At first pass, this seems like an endorsement of purely technical solutions to determine the veracity of the intent of actions within an informational system. And yet, the realm of 'impossible' has much more permeable borders than we may at first think. Remember: this article started out by pointing out that 'possible' and 'impossible' within information systems are largely the product of consensus.

That consensus is built from a combination of shared technologies in use on your infrastructure and the purposes you to which you apply that technology. Off-the-shelf security controls have alway been hamstrung by limiting themselves to describing only what is malicious within the scope of a particular technology. You can add safety controls to a product and make an automobile that cannot go above a certain speed limit, but you can't make an automobile that won't drive onto a private parking lot.

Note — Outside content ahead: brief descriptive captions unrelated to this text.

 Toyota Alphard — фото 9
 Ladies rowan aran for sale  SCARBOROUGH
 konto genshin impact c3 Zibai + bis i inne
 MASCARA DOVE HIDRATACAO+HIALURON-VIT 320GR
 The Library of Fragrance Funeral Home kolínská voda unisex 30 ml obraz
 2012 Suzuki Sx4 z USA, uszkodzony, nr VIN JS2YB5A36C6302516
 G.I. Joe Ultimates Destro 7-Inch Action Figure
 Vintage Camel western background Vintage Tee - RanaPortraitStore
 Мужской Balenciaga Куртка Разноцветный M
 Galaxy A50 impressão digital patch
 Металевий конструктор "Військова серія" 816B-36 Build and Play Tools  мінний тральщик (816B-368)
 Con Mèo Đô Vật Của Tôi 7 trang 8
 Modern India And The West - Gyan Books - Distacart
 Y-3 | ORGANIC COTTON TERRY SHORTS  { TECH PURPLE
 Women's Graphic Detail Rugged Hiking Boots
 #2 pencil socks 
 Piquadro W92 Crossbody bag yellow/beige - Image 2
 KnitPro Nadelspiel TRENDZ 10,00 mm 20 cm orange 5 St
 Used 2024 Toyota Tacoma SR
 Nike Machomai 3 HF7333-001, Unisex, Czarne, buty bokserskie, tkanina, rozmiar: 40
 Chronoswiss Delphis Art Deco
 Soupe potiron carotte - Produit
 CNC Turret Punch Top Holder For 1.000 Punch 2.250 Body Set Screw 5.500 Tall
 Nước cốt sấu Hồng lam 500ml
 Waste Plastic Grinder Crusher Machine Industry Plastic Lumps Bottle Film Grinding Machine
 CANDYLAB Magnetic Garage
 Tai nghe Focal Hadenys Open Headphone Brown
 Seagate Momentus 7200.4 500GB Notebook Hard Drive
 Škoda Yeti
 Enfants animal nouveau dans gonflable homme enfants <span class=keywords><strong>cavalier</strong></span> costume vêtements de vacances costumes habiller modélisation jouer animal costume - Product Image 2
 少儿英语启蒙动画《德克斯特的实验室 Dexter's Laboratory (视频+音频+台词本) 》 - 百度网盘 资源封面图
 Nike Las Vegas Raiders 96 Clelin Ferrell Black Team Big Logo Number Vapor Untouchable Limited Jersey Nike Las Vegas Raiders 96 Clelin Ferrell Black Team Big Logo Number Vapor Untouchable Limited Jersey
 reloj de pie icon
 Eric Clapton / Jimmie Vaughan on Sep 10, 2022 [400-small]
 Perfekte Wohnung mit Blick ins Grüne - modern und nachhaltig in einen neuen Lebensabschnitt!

Intent is apparent when the larger context of something is considered. If Bob logs into your company's source code control system, no off-the-shelf security control signature can indicate this to be problematic. Bob may be logging into your source control system, but what if he's doing it from a machine assigned to a person in your marketing department. Sure, anomaly detection could raise a flag on this. Something far simpler can describe it with more accuracy. This is a situation that should never happen within your policies about the operation of your business infrastructure, no anomaly detection required.

Major security breaches aren't about beating your infrastructure as the end goal. They are about acquiring your information. If attackers are using your infrastructure to acquire your information it's because they aren't just successful in lying to software, but lying to your business processes as well.

Let me cut to the chase. You cannot identify a lie without seeing it in the context in which it’s told. You cannot defend an enterprise's information by purely technical means. I can tell you from personal experience. Most major security breaches have not been identified by technical means. They’ve been identified through an employee with extensive experience with the organization's operation looking at something and thinking, "That doesn't look right. That shouldn't happen for how we do things around here."

Security controls and information systems helped raise visibility. None of them brought together this overarching context that shines the light of intent upon things. The descriptive logic of how things should be done is still locked in the heads of the business operators, unavailable to machines to operate on and compare against. It's not hard to convincingly lie to people, but it is trivially easy to lie to machines. This is what we’re setting out to change.